The genius of Bill Cosby, Tim Conway, Carol Burnett and a handful of other comedians is not that their comedy is particularly revolutionary, but in their ability to find the humor in everyday situations and relay it in a way that is instantly recognizable to the audience, and invites us laugh along –while giving us the opportunity to share the laughter with the people we love.
Jerry Seinfeld is another one who seems to get it. In a new profile recently published in the UK’s The Guardian, Seinfeld compared himself to an elite athlete, denying himself the easy laughs in order to better his craft:
Keeping his act sex- and swear-free, the way he sees it, is part of this athletic challenge, since it denies him the easiest laughs: “A person who can defend themselves with a gun is just not very interesting. But a person who defends themselves through aikido or tai chi? Very interesting.” Likewise his focus on minutiae. “It’s so much easier when you’re talking about something that really is important. You’ve already got a better foundation than someone who’s bringing up something that does not need to be discussed.” Such as? “I do a lot of material about the chair. I find the chair very funny. That excites me. No one’s really interested in that – but I’m going to get you interested! That, to me, is just a fun game to play. And it’s the entire basis of my career.”

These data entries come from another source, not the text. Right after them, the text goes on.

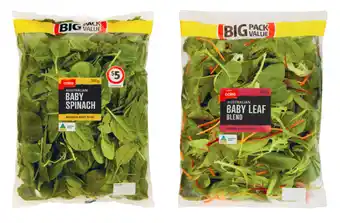 Coles Coles australian baby spinach, baby leaf blend or kale & baby spinach 280-300g pack offer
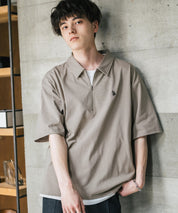 U.S. POLO ASSN. ユーエスポロアッスン 別注コラボ 無地/クレリック ワンポイントロゴ刺繍天竺ハーフジップ半袖ポロシャツ
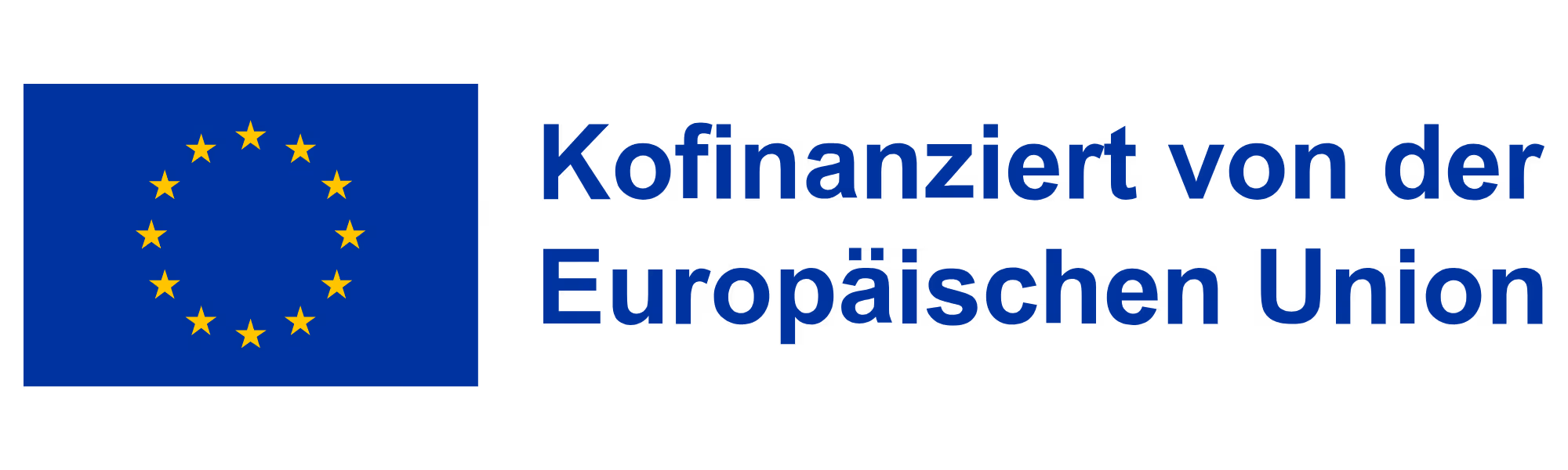 Flagge der Europäischen Union mit dem Text: Kofinanziert von der Europäischen Union.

Several years ago, TV critic Tom Shales artfully picked apart one of an endless parade of nondescript NBC comedies that had recently debuted (it was called Cursed, later renamed The Steven Webber Show, if you’re curious) that was doomed to failure because of its formulaic writing, characterized by “a funny name for genitalia (‘Benny and the Jets’), a couple of racial jokes, a couple of gay jokes, and strategic placement of words like ‘butt.’ Put it all together and it spells ‘nap time.’”
So many TV comedies go down this same road, and share the same fate as the long-forgotten “Cursed.” Here’s my challenge to you: Sit down to a half hour of Dads or Two Broke Girls (if you can stand it) with Shales’ list in front of you and you’ll see how spot-on he really is.
The problem, of course, isn’t simply that TV comedies have become predictable and formulaic; it’s that overwhelmingly TV writers go for the cheap jokes, the obvious laughs. Insert a four-letter word or two here, some adolescent innuendo there, et voila: you have a script.
This approach to comedy might work well if your aim is to appeal to unsupervised middle schoolers or emotionally and intellectually stunted adults, but it leaves out broad swaths of possible viewers.
One of my fondest memories is of watching Bill Cosby’s Himself on television with my family when I was in fourth or fifth grade. I still remember my sides aching, and my dad, with tears streaming down his face, struggling to catch his breath between fits of laughter.
What makes that memory precious is not the program itself, or even the material; but sharing the experience with my family. And there are few comedians today who get that, but those who do are all but guaranteed success. Jerry Seinfeld appears to be one of the few who do.